Portugal

Abusos no Rato: Mais 7 agentes ficaram em preventiva (e MAI desculpa-se)


Mais sete agentes da Polícia de Segurança Pública (PSP) ficaram, no sábado, em prisão preventiva, no âmbito de agressões que decorreram na Esquadra do rato, em Lisboa. Este grupo junta-se agora a outros dois agentes, que já tinham sido detidos em julho do ano passado, e o Ministério da Administração Interna também se pronunciou, nomeadamente, com um pedido de desculpas.

Os sete agentes dos nove agentes que estão agora do outro lado das grades foram detidos na quarta-feira, num segundo inquérito relativo às suspeitas de “eventual prática de diversos crimes, designadamente, tortura grave, violação, abuso de poder e ofensa à integridade física qualificada.”

Numa nota enviada ao Notícias ao Minuto na quarta-feira, a PSP e o Ministério Público (MP) explicavam que a aplicação da medida mais gravosa foi fundamentada “no perigo de continuação da atividade criminosa, perturbação grave da tranquilidade e ordem públicas e perigo de conservação e aquisição da prova e em concordância com o promovido pelo Ministério Público.”

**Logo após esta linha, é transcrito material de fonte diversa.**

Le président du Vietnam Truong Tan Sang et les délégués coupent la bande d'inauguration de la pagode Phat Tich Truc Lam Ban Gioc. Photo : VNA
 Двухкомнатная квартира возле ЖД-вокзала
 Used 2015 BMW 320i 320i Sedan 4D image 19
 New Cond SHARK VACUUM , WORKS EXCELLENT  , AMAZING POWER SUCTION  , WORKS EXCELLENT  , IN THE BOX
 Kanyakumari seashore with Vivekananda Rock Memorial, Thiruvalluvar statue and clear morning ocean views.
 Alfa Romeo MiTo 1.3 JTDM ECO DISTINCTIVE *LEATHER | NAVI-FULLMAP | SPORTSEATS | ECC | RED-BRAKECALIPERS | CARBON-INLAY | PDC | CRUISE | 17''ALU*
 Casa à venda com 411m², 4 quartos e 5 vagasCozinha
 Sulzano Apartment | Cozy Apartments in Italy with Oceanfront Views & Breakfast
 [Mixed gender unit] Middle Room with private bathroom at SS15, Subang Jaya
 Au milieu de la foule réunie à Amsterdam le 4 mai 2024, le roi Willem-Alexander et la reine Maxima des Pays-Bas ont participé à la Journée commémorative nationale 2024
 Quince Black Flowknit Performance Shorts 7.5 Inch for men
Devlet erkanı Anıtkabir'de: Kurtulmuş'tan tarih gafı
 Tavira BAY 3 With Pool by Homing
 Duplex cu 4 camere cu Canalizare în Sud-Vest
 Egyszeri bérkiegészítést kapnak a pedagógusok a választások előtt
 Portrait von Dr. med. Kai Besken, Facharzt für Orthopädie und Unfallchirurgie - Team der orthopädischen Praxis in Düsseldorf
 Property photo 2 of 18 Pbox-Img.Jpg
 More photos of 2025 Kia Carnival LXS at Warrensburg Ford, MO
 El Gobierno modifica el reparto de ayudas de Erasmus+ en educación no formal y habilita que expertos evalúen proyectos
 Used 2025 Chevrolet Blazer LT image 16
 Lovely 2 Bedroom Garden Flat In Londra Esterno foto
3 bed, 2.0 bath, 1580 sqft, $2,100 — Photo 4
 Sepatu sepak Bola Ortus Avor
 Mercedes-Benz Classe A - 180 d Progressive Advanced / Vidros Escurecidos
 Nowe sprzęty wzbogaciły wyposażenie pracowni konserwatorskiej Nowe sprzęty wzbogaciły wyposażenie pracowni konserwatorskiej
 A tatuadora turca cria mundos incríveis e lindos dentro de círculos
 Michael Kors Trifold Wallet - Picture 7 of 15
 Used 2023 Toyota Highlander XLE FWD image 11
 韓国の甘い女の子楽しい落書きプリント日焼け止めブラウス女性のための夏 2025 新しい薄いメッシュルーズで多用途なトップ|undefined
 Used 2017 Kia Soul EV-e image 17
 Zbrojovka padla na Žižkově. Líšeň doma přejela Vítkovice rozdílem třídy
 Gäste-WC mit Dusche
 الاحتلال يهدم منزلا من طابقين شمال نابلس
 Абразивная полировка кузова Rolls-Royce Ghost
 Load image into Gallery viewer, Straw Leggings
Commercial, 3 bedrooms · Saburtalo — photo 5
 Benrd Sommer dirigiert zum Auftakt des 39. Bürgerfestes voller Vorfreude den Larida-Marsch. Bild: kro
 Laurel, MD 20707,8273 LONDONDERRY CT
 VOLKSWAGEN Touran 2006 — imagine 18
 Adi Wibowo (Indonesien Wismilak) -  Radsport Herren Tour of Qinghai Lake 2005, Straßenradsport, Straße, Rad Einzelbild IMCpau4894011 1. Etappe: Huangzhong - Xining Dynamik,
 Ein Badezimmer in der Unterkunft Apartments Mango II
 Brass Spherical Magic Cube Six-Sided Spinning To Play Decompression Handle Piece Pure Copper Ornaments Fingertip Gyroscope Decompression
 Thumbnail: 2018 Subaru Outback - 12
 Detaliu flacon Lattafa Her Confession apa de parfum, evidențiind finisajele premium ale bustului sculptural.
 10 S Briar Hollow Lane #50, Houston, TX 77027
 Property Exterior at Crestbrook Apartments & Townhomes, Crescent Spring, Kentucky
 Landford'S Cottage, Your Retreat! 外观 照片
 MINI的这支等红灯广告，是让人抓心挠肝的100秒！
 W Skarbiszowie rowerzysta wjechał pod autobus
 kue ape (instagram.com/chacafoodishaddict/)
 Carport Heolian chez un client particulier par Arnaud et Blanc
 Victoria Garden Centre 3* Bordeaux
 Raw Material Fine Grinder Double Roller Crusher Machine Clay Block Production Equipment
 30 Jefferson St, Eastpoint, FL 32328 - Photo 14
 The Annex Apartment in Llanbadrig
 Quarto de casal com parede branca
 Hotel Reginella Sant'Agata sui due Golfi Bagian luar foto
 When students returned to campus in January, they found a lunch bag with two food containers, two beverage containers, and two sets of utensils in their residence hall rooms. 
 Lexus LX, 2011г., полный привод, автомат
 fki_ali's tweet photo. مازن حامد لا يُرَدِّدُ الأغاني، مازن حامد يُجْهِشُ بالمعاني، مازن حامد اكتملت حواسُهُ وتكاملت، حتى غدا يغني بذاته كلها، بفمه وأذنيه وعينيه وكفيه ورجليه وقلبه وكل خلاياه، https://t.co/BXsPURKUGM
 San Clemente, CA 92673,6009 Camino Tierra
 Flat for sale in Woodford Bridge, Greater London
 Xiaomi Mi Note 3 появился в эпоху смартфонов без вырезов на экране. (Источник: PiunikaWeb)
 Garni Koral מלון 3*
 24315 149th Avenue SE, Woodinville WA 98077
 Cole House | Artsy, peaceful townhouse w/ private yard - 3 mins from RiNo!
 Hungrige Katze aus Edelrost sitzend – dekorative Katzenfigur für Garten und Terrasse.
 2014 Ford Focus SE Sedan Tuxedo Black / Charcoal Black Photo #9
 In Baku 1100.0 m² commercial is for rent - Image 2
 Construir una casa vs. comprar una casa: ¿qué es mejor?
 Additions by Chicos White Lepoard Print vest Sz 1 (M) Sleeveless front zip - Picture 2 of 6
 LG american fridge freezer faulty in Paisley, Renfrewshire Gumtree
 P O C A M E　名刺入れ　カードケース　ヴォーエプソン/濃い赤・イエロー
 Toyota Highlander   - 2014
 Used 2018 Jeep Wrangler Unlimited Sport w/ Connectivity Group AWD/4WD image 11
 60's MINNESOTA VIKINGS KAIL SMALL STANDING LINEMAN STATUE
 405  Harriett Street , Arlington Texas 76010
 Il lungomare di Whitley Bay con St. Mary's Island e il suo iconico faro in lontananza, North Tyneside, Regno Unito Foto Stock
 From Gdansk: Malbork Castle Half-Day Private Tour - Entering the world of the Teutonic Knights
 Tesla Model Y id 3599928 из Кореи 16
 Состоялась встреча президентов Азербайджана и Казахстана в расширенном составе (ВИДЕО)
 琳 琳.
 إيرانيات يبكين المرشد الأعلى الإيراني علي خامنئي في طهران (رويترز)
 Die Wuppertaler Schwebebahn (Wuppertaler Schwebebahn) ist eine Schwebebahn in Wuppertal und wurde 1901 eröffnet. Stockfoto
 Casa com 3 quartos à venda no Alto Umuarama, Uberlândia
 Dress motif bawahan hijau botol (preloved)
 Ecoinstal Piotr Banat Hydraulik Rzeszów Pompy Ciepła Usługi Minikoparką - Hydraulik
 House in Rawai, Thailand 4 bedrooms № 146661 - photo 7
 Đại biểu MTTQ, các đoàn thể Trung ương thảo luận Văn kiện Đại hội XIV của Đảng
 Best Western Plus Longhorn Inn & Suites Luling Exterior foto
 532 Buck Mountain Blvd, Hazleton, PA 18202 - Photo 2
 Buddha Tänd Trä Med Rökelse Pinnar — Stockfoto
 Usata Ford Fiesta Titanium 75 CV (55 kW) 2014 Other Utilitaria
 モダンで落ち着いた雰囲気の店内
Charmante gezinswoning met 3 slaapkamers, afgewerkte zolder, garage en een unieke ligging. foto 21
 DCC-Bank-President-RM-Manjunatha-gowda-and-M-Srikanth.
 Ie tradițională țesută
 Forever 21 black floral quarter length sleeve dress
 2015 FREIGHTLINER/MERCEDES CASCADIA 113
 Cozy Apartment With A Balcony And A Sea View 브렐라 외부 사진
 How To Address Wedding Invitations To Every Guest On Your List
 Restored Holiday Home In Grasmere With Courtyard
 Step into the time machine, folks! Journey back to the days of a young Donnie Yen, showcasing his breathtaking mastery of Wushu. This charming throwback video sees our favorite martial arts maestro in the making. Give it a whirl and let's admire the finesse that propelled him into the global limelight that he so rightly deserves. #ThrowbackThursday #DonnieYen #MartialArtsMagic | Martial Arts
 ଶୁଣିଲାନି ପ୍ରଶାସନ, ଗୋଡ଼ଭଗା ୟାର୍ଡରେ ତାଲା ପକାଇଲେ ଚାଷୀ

O primeiro inquérito resultou na detenção de dois polícias que estão em prisão preventiva após terem sido detidos em julho do ano passado numa investigação denunciada pela PSP. Os crimes visaram, sobretudo, toxicodependentes, pessoas sem-abrigo e estrangeiros.

A acusação

Na acusação do MP é referido que estes dois agentes agrediam pessoas que tinham detido com “socos e chapadas e coronhadas na cabeça, tendo inclusivamente filmado e fotografado algumas dessas situações e as respetivas vítimas”.

Um dos casos relatados é o de um cidadão marroquino que alegadamente terá sido sodomizado com um bastão por um dos arguidos e espancado e depois levado no carro patrulha e abandonado na rua. Muitos desses abusos foram filmados e partilhados em grupos de WhatsApp com dezenas de outros agentes.

Já na ocasião, o MP admitia a constituição de mais arguidos e a identificação de mais casos no processo.

Na semana passada, o inspetor-geral deu conta que estão a decorrer na Inspeção-Geral da Administração Interna (IGAI) três processos disciplinares sobre este caso, além de estar a investigar os polícias que assistiram aos vídeos partilhados pelos agentes sobre os alegados casos de tortura e violação.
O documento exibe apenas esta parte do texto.